§ Exercise prompt: Below are entries with pictures in them. Output exactly the lines starting at the line with "Người đàn ông" and ending at the line with "ราคาจัดฟัน 2569", both included, but not the pictures.

(Supplied records begins)

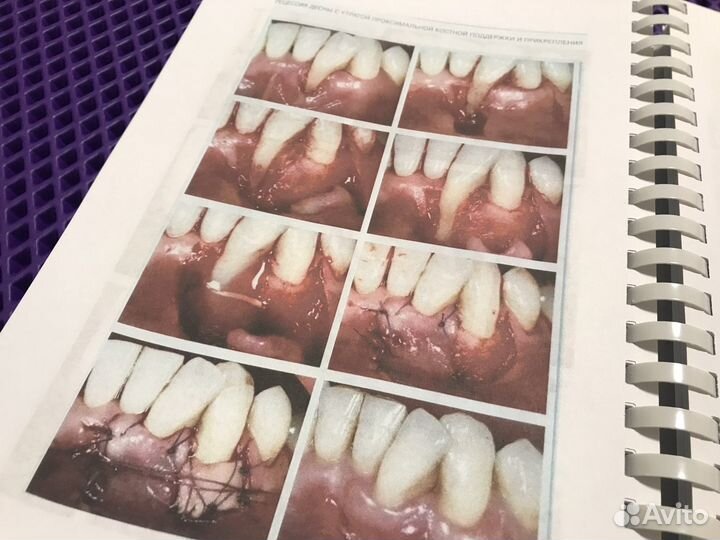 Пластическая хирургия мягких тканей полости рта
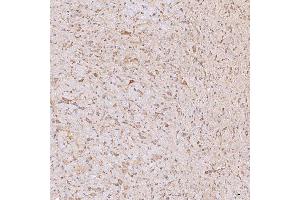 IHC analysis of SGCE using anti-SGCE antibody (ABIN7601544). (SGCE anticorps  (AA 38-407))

(Supplied records ends)
(Supplied records begins)

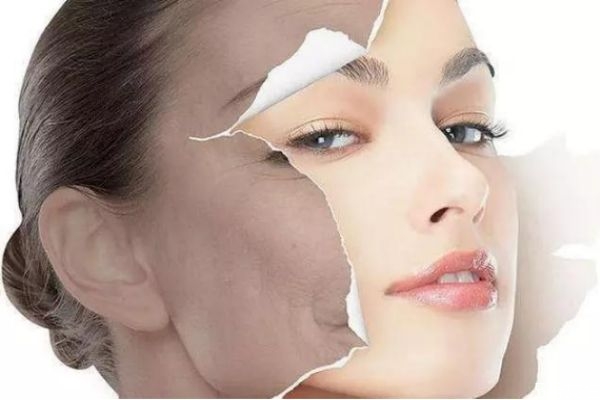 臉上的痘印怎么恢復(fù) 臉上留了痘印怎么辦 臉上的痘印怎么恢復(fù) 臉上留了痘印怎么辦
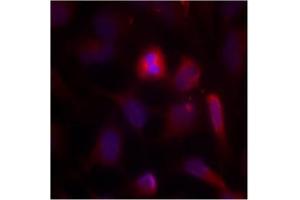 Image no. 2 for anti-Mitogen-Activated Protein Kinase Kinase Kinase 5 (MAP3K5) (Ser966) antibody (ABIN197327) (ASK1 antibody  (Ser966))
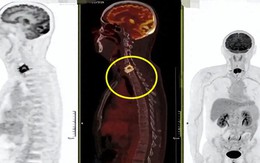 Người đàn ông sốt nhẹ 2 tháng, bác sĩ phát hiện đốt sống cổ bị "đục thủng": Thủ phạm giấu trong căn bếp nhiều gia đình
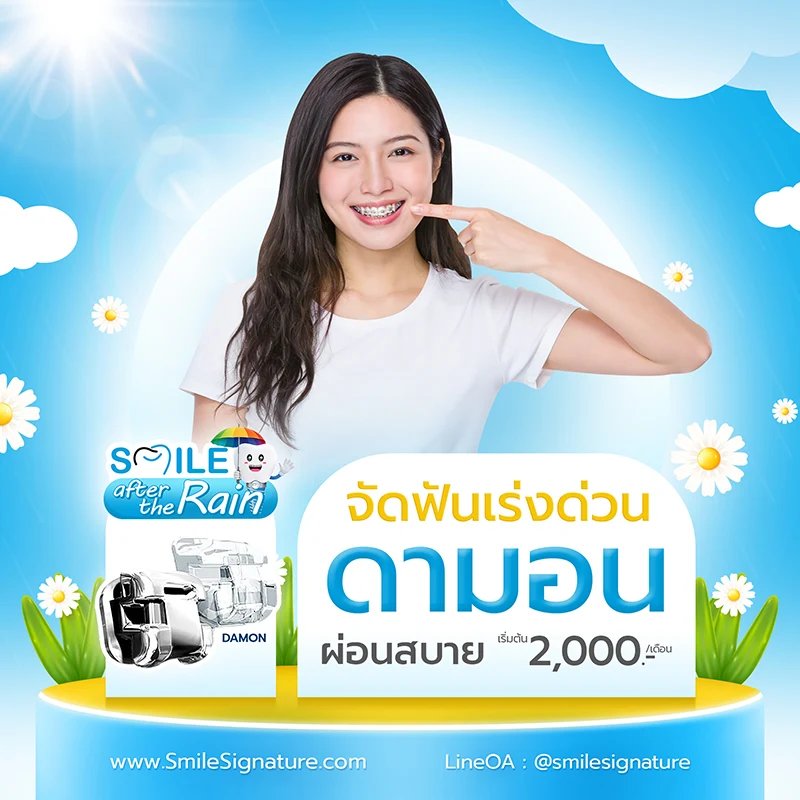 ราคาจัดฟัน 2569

(Supplied records ends)

§ Exercise response:
 Người đàn ông sốt nhẹ 2 tháng, bác sĩ phát hiện đốt sống cổ bị "đục thủng": Thủ phạm giấu trong căn bếp nhiều gia đình
 ราคาจัดฟัน 2569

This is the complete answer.